Exercise details:
Restate the data below word for word. Skip any images it contains.

Given material:
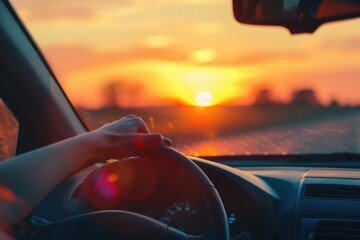 The silhouette of a person's arm and hand resting on the steering wheel of a car, with the warm glow of a sunset or sunrise visible through the windshield, suggesting a relaxed driving experience.
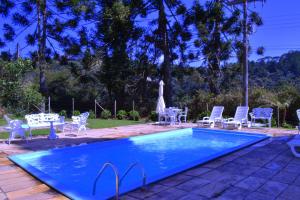 A piscina localizada em Hotel Refúgio Alpino ou nos arredores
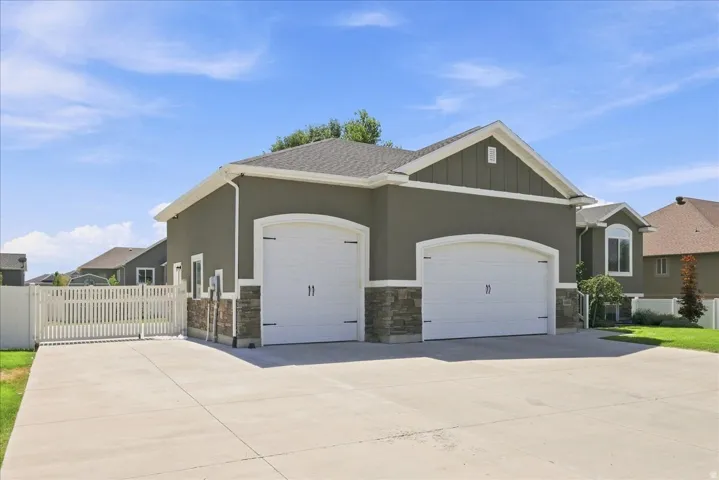 Three-car garage with arched doors, stone veneer accents, and an expansive concrete driveway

Result of this exercise:
 The silhouette of a person's arm and hand resting on the steering wheel of a car, with the warm glow of a sunset or sunrise visible through the windshield, suggesting a relaxed driving experience.
 A piscina localizada em Hotel Refúgio Alpino ou nos arredores
 Three-car garage with arched doors, stone veneer accents, and an expansive concrete driveway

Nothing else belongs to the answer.